▶ **Task objective**: The records below are to be copied word for word, with every picture left out.

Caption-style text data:
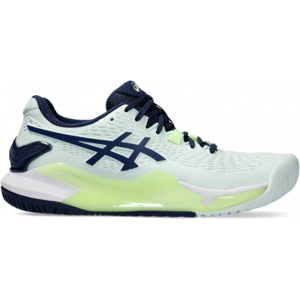 Asics Gel Resolution 9 Mint All Court Women - 2024 (36)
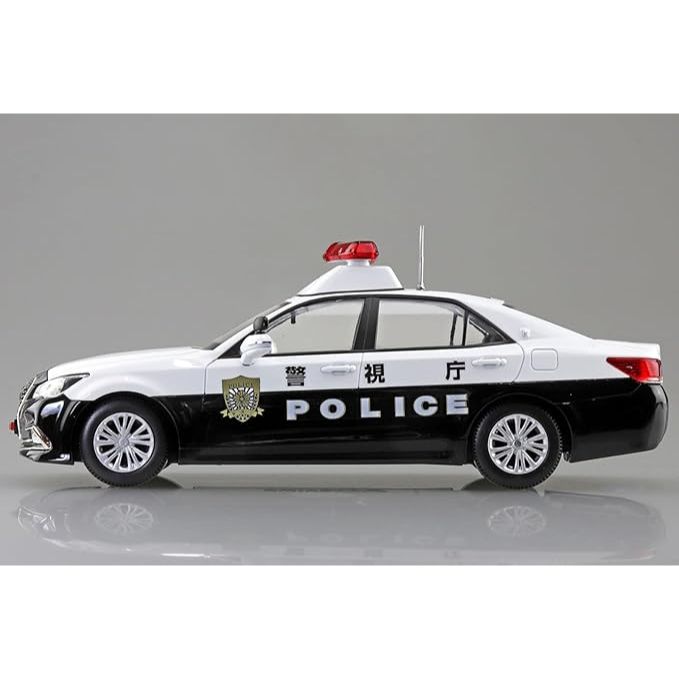 1/32 SNAP Toyota Crown Patrol Car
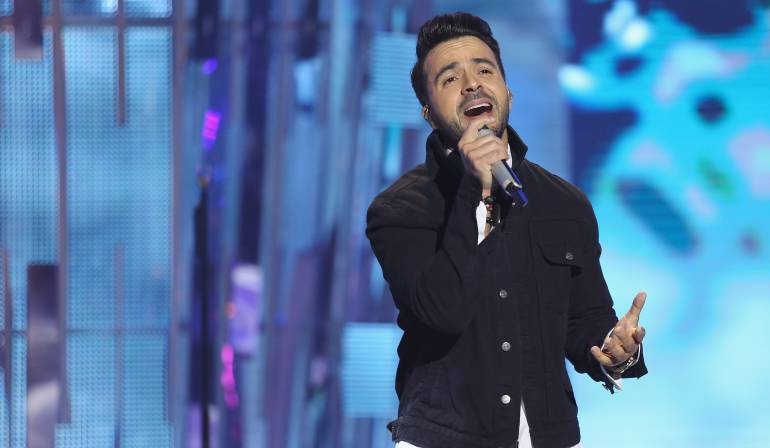 Luis Fonsi: "Hay hambre de música con sabor latino": Luis Fonsi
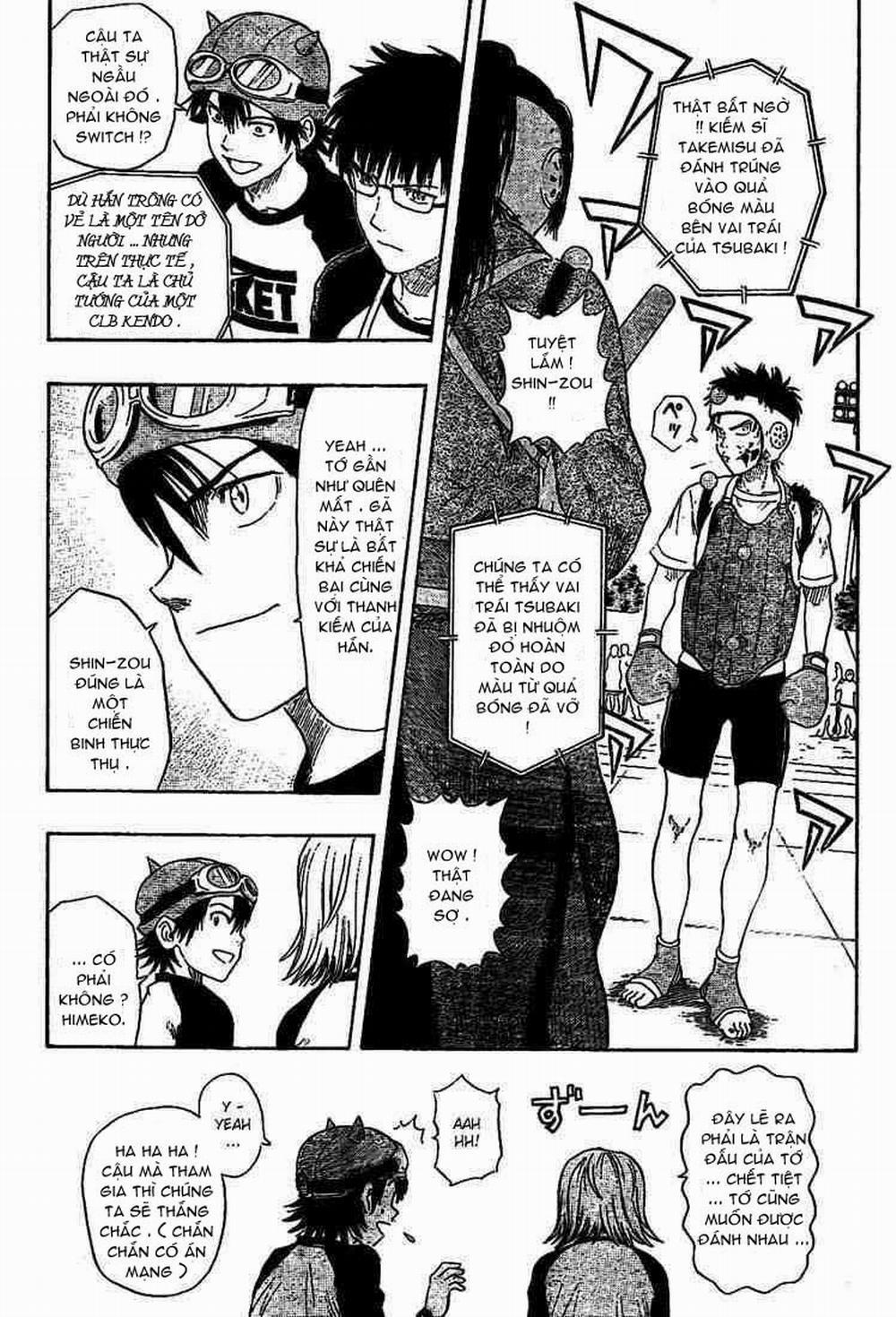 Sket Dance 28 trang 8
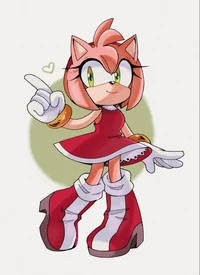 Amy Rose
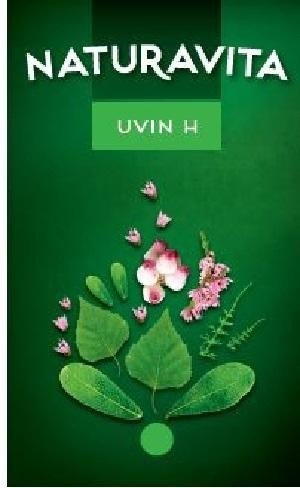 Paraqitja e markës NATURAVITA UVIN H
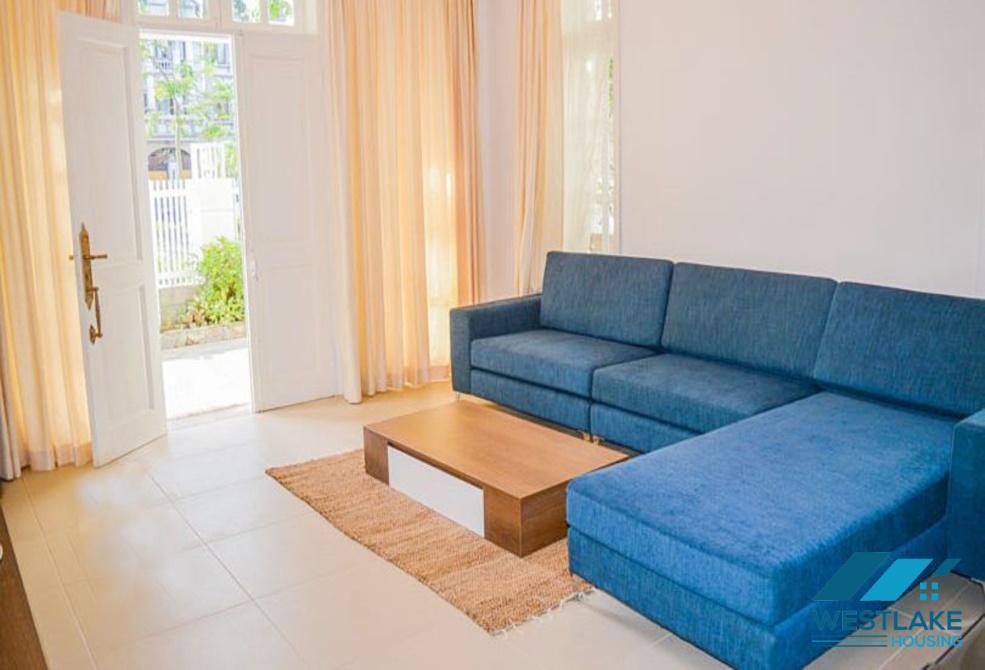 Biệt thự 5 phòng ngủ tuyệt đẹp có HỒ BƠI cho thuê tại Ciputra, Hà Nội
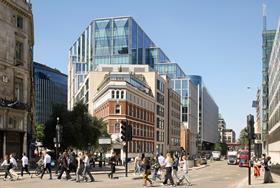 In pictures: TP Bennett completes Stonecutter City office development Image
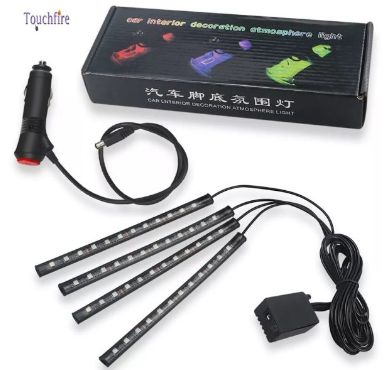 RGB Interior LED Light Strip for Car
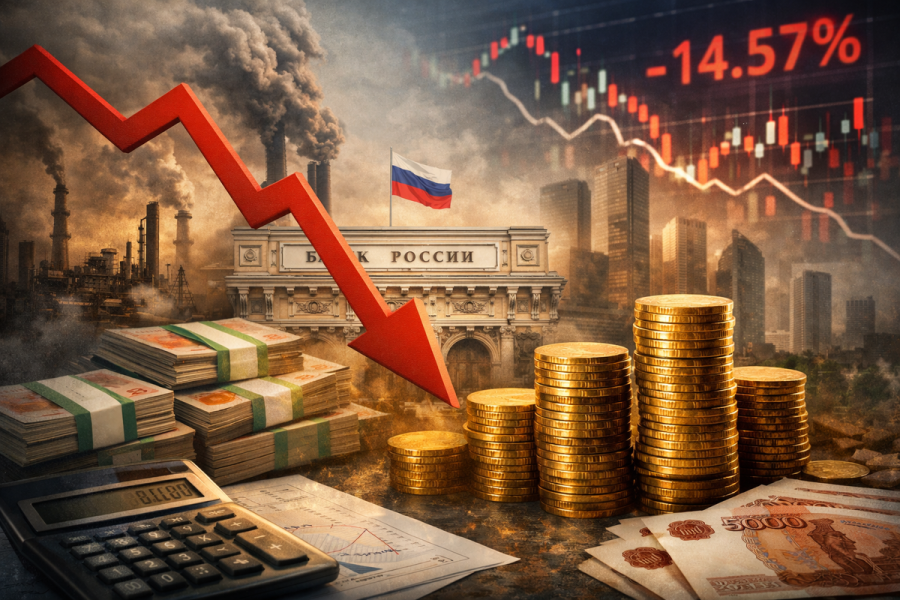 Финансовый сектор России: рост прибыли и концентрация капитала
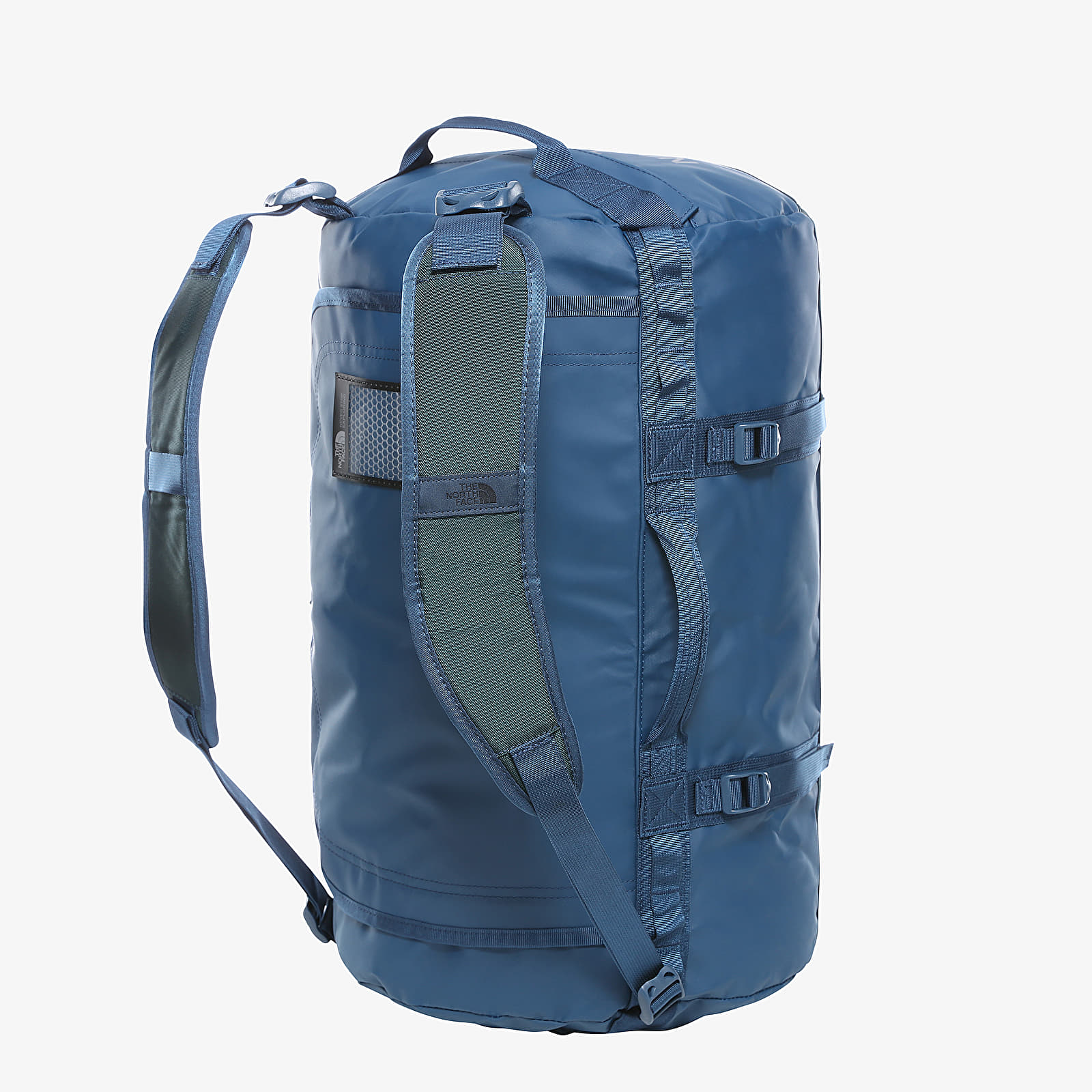 Bandoleras The North Face Base Camp Small Duffel Bag Blue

▶ **Written answer**:
 Asics Gel Resolution 9 Mint All Court Women - 2024 (36)
 1/32 SNAP Toyota Crown Patrol Car
 Luis Fonsi: "Hay hambre de música con sabor latino": Luis Fonsi
 Sket Dance 28 trang 8
 Amy Rose
 Paraqitja e markës NATURAVITA UVIN H
 Biệt thự 5 phòng ngủ tuyệt đẹp có HỒ BƠI cho thuê tại Ciputra, Hà Nội
 In pictures: TP Bennett completes Stonecutter City office development Image
 RGB Interior LED Light Strip for Car
 Финансовый сектор России: рост прибыли и концентрация капитала
 Bandoleras The North Face Base Camp Small Duffel Bag Blue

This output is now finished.